Background & Motivation¶

Indoor 3D object detection is a core capability for embodied AI and AR/VR applications. Traditional methods rely on expensive 3D sensors to acquire point clouds; recent work has shifted toward multi-view image-based 3D detection. The central challenge lies in constructing high-quality 3D voxel representations from 2D images.

Prior methods exhibit two critical bottlenecks:

Limited feature sampling: Methods such as ImVoxelNet project each voxel onto the image for single-point sampling, resulting in an extremely limited receptive field and inability to handle occlusion. Subsequent methods (CN-RMA, MVSDet) introduce explicit geometric constraints but either rely on GT geometry or incur prohibitive computational cost.
Dense voxel redundancy: Existing methods construct complete dense 3D voxel grids, yet indoor scenes consist largely of free space, leading to severe computational waste.

Core Problem¶

How can the quality of 2D-to-3D feature projection be improved (addressing single-point sampling and occlusion) while reducing redundant computation in the 3D volume representation, without relying on ground-truth scene geometry?

Method¶

Overall Architecture¶

SGCDet comprises three components: (1) an image backbone (ResNet-50 + FPN) for 2D feature extraction; (2) a view transformation module that lifts 2D features into 3D voxels; and (3) a detection head for 3D bounding box prediction.
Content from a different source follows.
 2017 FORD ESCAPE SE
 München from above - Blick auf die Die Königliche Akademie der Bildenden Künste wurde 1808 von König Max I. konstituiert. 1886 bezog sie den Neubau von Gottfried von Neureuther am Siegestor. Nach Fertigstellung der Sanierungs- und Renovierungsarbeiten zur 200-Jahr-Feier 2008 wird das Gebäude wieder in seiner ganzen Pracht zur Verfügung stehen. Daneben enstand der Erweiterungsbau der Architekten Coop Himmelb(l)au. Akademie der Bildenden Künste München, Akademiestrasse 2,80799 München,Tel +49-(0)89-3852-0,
The core innovations reside in the view transformation module and consist of two key designs.

Key Designs¶

Design 1: Geometry- and Context-Aware Aggregation (GCA)

Rather than projecting voxel centers onto the image for single-point sampling, SGCDet performs adaptive aggregation in two steps:

Intra-view Feature Sampling: A DepthNet first estimates the depth distribution; 2D features are lifted into a 3D pixel-space representation via outer product, \(\mathbf{F}_n^{3D} = \mathbf{F}_n^{2D} \otimes \mathbf{D}_n\). Instead of sampling at the projected location directly, the projected-point feature serves as a query, and 3D deformable attention aggregates geometric and contextual information within a local neighborhood. Ablation studies show that 3D deformable attention substantially outperforms its 2D counterpart, since 2D deformable attention suffers from depth ambiguity.
Inter-view Feature Fusion: Appearance and scale vary considerably across viewpoints, making simple averaging suboptimal. SGCDet uses the mean-pooled feature over all views as the query and each view's feature as key/value, dynamically weighting each view's contribution via standard attention.

Compared to the view-agnostic queries in DFA3D, SGCDet uses view-specific queries for intra-view aggregation, which is better suited to the large camera pose variation characteristic of indoor scenes.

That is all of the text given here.